Est-ce que le fait d’être auteur fait de vous un bon directeur éditorial ?
A. : Ça je n’en sais rien, on verra. Je me méfie de moi-même comme de la peste. Dans mon histoire personnelle, il se trouve que j’ai un vieil ami aixois qui s’appelle Bruno Lecigne que j’ai connu a Aix il y a très longtemps, qui aujourd'hui a fait toute une carrière aux Humanos et qui à l’époque travaillait chez Hachette. Un jour je passe le voir dans son bureau à Paris où il me montre un petit album carré et il me dit « regarde ça, les aventures du tigre et du petit garçon, c’est absolument génial, c’est fabuleux, ça va être un carton absolu… », moi je regarde et je lui répond « ah oui, c’est vraiment génial mais ça ne marchera jamais en France. Peanuts, ça n’a jamais marché, et ça, ça ne marchera pas non plus». Donc je serai passé en tant qu’éditeur a coté de Bill Watterson. Quelques années plus tard, je commence à travailler. Le tout premier truc qu’on vendait c’était une histoire complète dans Circus. Le rédacteur en chef nous fait venir dans son bureau et nous montre un truc. Il faut rappeler qu’à la fin des années 80, personne ne savait ce qu’était un manga, personne n’en avait jamais vu en France. Il nous montre donc Akira et nous dit « Voilà, on va sortir ça en partenariat avec Europe 2 », je lui répond « c’est énorme, c’est magnifique, mais enfin, ce truc japonais ne marchera jamais, la BD japonaise ne peut pas marcher chez nous ». Voilà. Donc si vous voulez, je me méfie un peu. C’était il y a quelques années et j'espère que je ne ferais pas ce genre de « plantade » aujourd’hui.
Lanfeust a maintenant 25 ans, construit-on la fantasy de la même façon aujourd'hui, qu’est-ce qui a changé depuis ? Met-on toujours les mêmes « ingrédients » ou cela a-t-il évolué avec le temps ?

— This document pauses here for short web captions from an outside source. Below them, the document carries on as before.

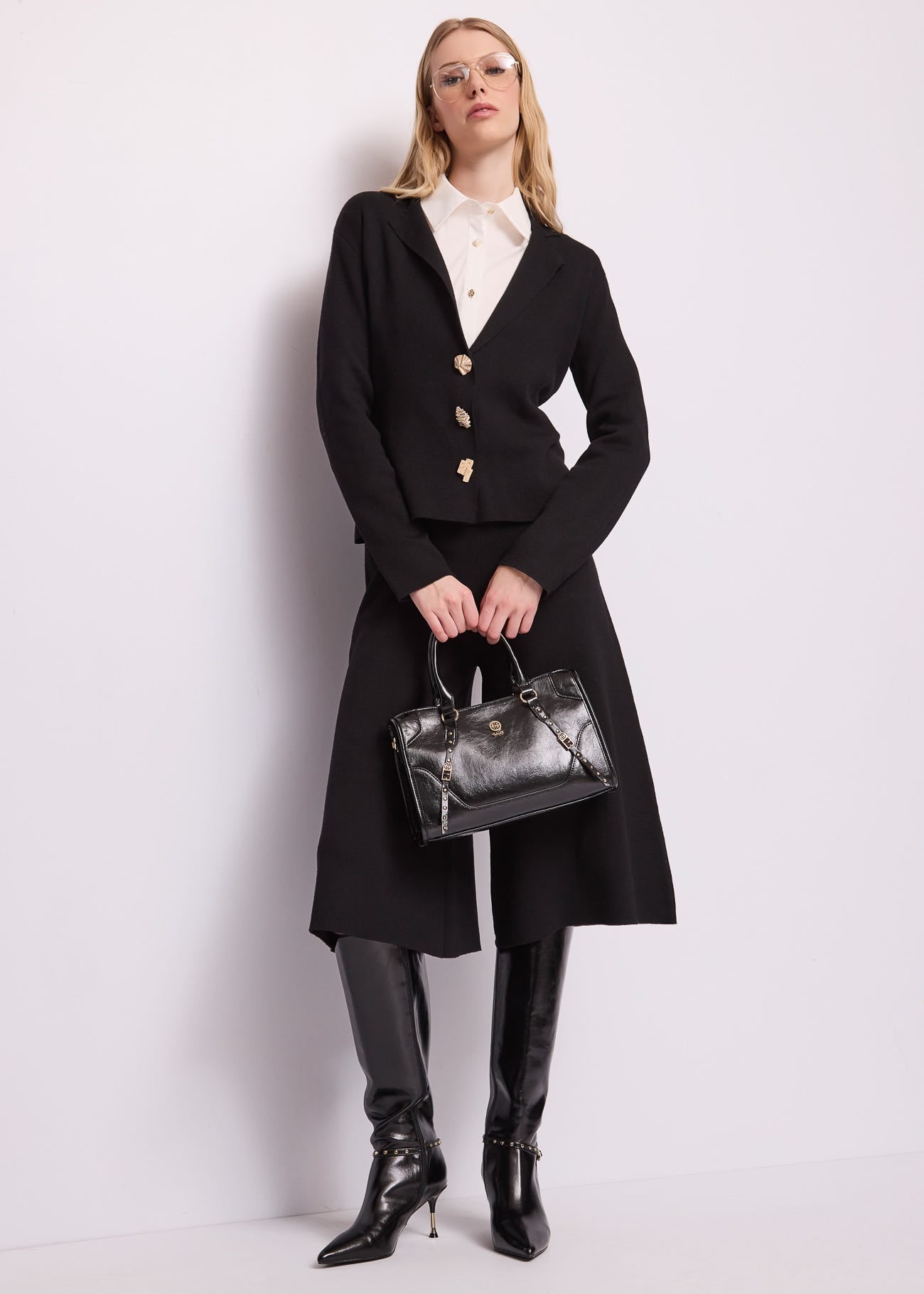 Giacca da donna con revers e bottoni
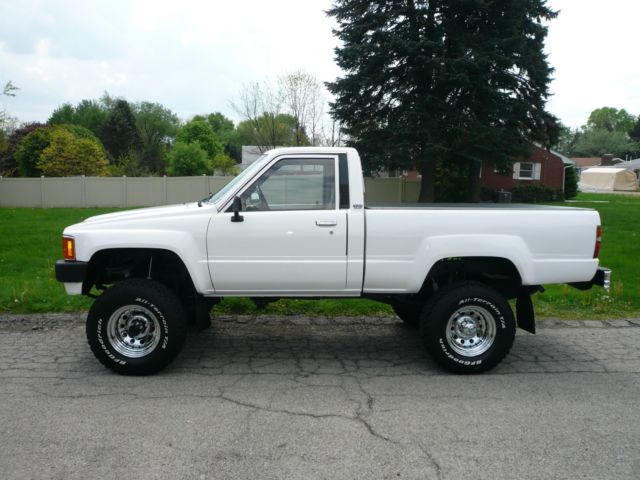 1984 TOYOTA 4X4 PICKUP W/STRAIGHT FRONT AXLE AND LEAF SPRINGS RESTORED!! 1984 Toyota 4X4 PICKUP STANDARD CAB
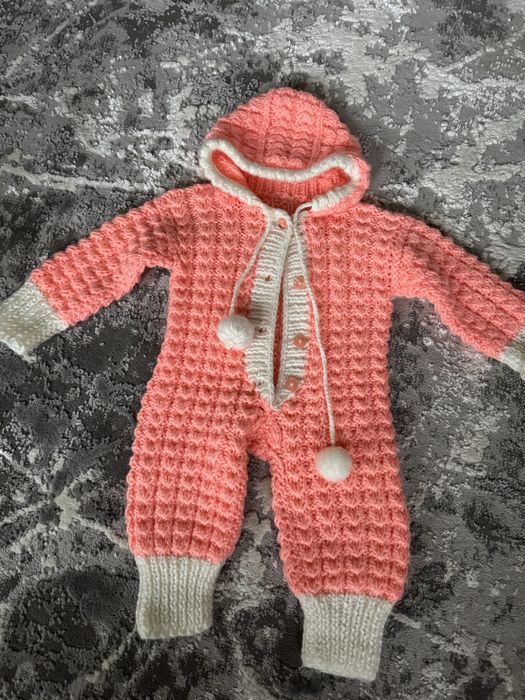 Дитячий в'язаний комбінезон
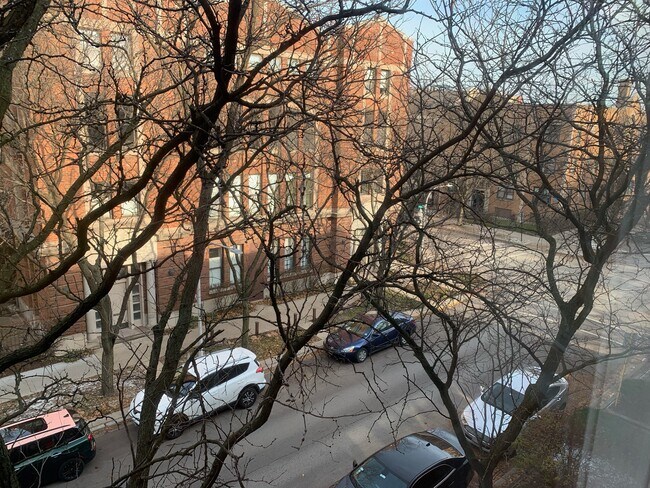 Foto del edificio - 1045 W Barry Ave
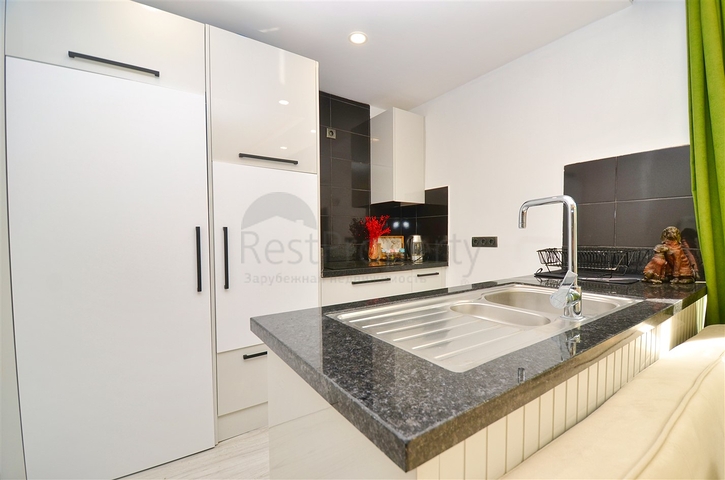 A 4+2 apartment in the Unzhaly - Antalya neighborhood 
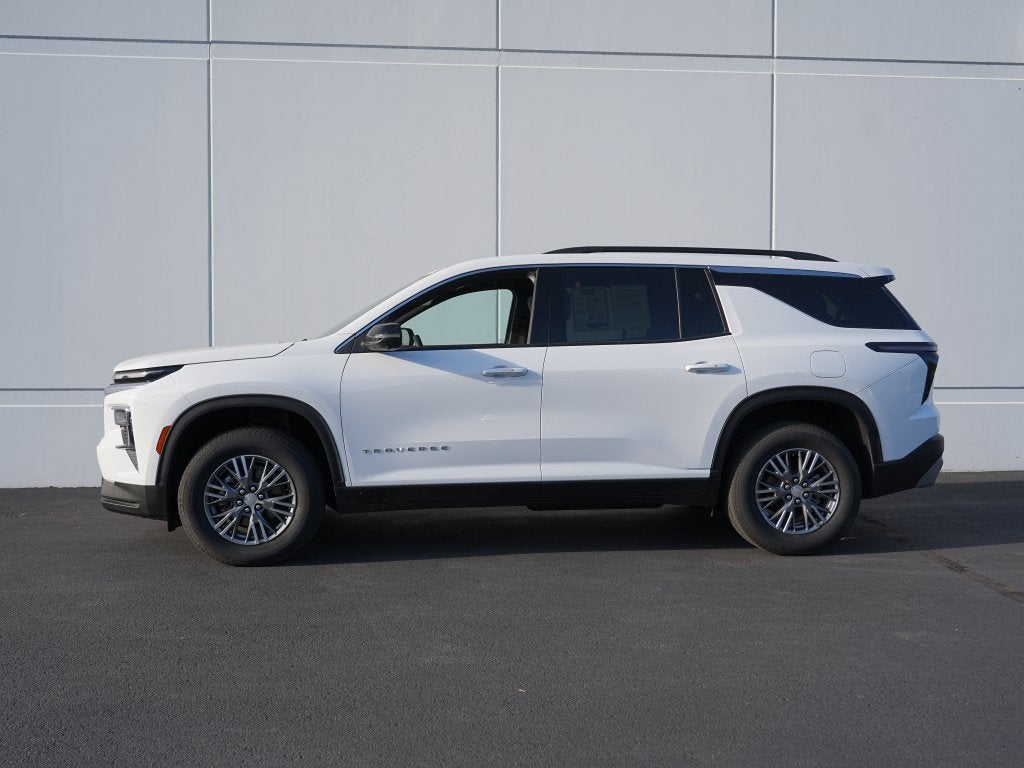2026 Chevrolet Traverse LT - Photo 7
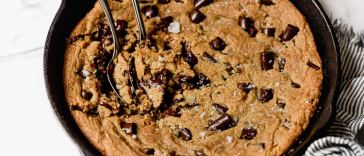 vegan-chocolate-chip-cookie-skillet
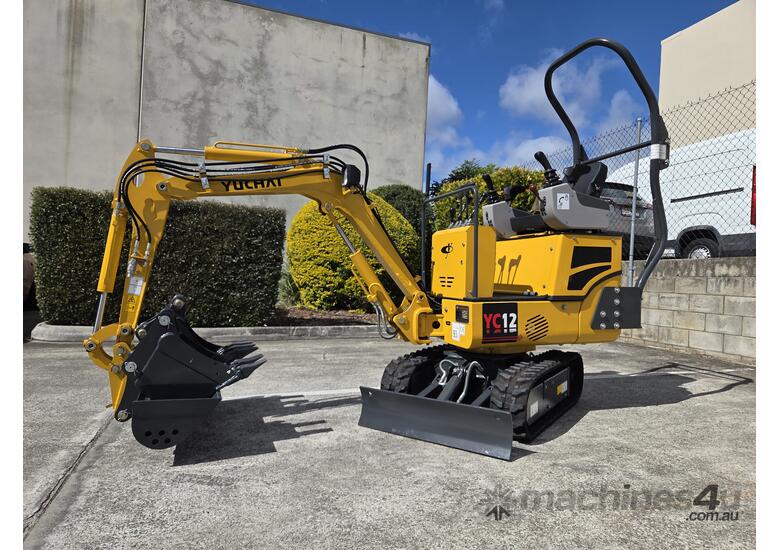 Yuchai YC12 1.2ton Mini Excavator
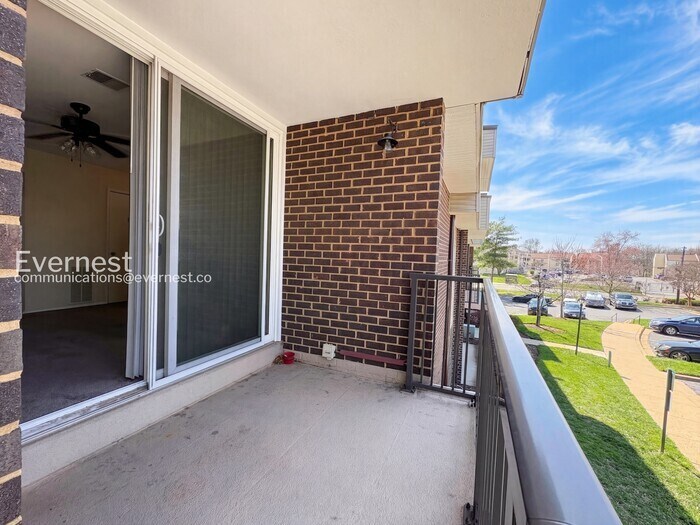 Building Photo - 10202 Prince Pl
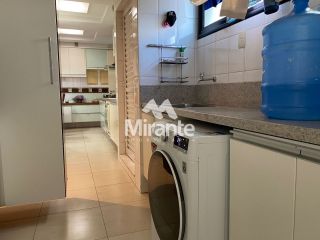Apartamento Para Vender com 4 quartos sendo 4 suítes no bairro Santa Mônica em Feira De Santana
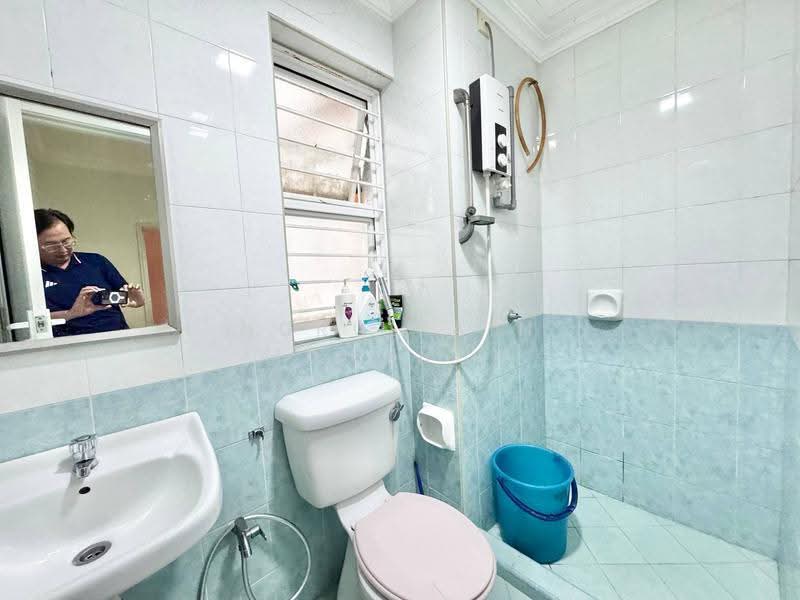 Kondominium untuk Dijual di Desa Impiana - Nurul Ain Muharam - Bathroom - PropertyGuru.com.my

A. : J’aurais tendance a dire que les ingrédients sont toujours les mêmes, quel que soit le domaine dans lequel on travaille. Pour moi, inventer des histoires, c’est comme faire la cuisine. Le nombre de fruits et de légumes, même si on découvre un fruit exotique de temps en temps, est toujours limité, et pourtant les grands cuisiniers arrivent à sortir des plats nouveaux tous les jours. Les histoires c’est à peu près la même chose. Depuis l’Antiquité, on travaille avec les mêmes ingrédients, il faut à chaque fois trouver comment les ré-agencer. Je n’écris plus aujourd'hui comme j’écrivais il y a 25 ans. D’abord parce que j’ai eu la chance extraordinaire de faire un très gros succès avec Lanfeust. Lanfeust a été énormément copié ensuite, ce n’est pas un reproche, mais il a influencé beaucoup de gens par la suite, ils ont ainsi un peu banalisé ce qui faisait l’originalité de Lanfeust quand c’est sorti. Ça m’oblige à courir devant si je ne veux pas me faire dépasser par les gens qui sont arrivés après. Donc je garde quelques éléments qui sont pour moi des traceurs essentiels, mais la narration a évolué. Aujourd’hui, on a affaire à des générations qui ont lu beaucoup plus de choses, vu beaucoup plus de séries télé, le cinéma est allé beaucoup plus loin, donc je suis obligé d’en tenir compte. De toutes façons, j’ai vu et lu tellement de choses depuis que je n’écrirais plus de la même manière naturellement. Après, il y a des choses qui restent des bases incontournables et je ne peux pas m’en défaire.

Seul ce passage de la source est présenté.